Oesterreichs Bundespräsident weilte kürzlich vierzehn Tage in Rußland. Bei der Landung in Schwechat nach der Rückkehr betonte er den großen Fortschritt des Landes im Vergleich zu seinem Besuche von 1955. Aehnlich klangen die Berichte zahlreicher Journalisten, die ihn begleitet hatten, insbesondere der Rundfunkkommentar des Bundespressechefs Prof. Vinzenz Ludwig Ostry. All das deckt sich mit meinen Erlebnissen 1958 anläßlich des großen internationalen Astronomenkongresses, bei dem vor allen Dingen die mehr ąls 200 amerikanischen Kollegen die Sowjetunion anders sehen lernten, als ihre Propaganda sie bisher gezeigt hatte.

Nach wie vor wird man das politische System und seine Ideologie unbedingt ablehnen, vor allem seinen materialistischen Antitheismus. Man darf aber nicht die Augen verschließen vor den großartigen Leistungen des Volkes.

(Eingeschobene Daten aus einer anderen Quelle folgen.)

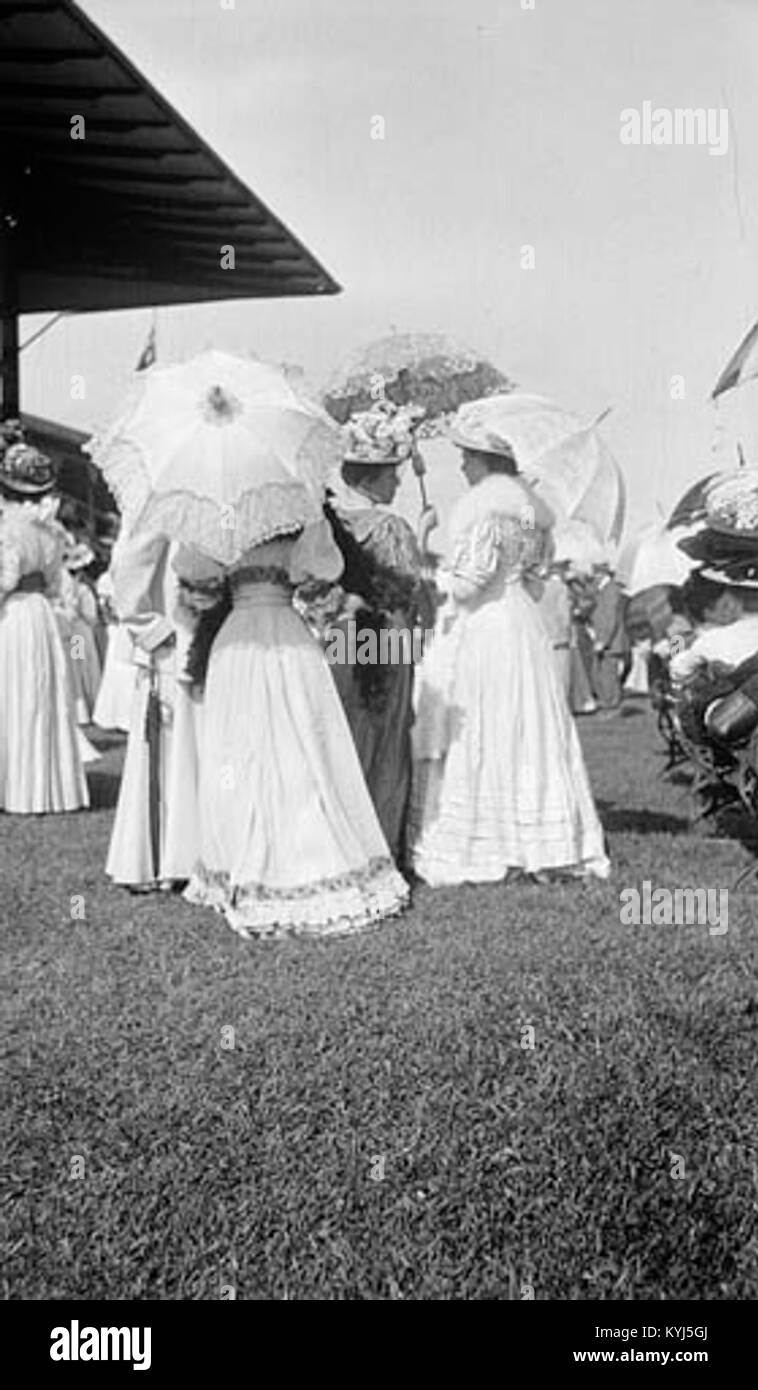 Les spectateurs se sont rassemblés au parc Woodbine pour assister à la course de chevaux King's plate, illustrant les événements sportifs et les rassemblements sociaux du début du XXe siècle au Canada. Banque D'Images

Mit den Sputniks und Luniks sind sie dem Westen weit voraus; m Atomphysik und Astronomie, im Funkwesen, in Optik und Feinmechanik und im Bau von Kraftwerken sind sie dem Westen ebenbürtig. Dieser bedarf aller Anstrengung, um nicht überholt zu werden. Und wir im kleinen Oesterreich?

Wie in den Redaktionen neben den vorgebildeten Kunstkritikern der Physiker und Techniker zur Auswirkung kommen muß, so müssen unser Parlament und die Parteien endlich ernst machen mit der Pflege der Wissenschaft und so die Bemühung des Bundesministeriums für Unterricht zu einem Erfolg führen. Ein Beispiel mag die Lage kennzeichnen. Bundespräsident Schärf besichtigte auch die große Staatssternwarte in Pulkowo bei Leningrad (wobei, wie ich erfuhr, der Leiter Prof. Michailow sehr lobend unserer Arbeit gedachte). Um 1880 war das Wiener Institut mit einer Gesamtbelegschaft von zwanzig Personen eines der größten der Erde. Pulkowo hatte etwa ebenso viele. Heute haben wir fünfzehn, Pulkowo aber, das im letzten Kriege völlig zerstört worden war, ist glänzend erstanden mit mehr als 400 dort Beschäftigten, darunter mehr als 100 Akademiker, wozu noch zwei Außenstationen mit je 100 Angestellten kommen. Jede der etwa 20 russischen Sternwarten ist heute moderner ausgestattet als die Wiener, geschweige denn die Grazer und Innsbrucker. Gewiß können wir in Oesterreich nicht im entferntesten Aehn- liches verlangen. Aber Oesterreichs Ansehen und auch die Leistung seiner Wirtschaft wird rapid zurückgehen, wenn nicht endlich unsere Laboratorien und Institute ganz anders gefördert werden als seit Jahren.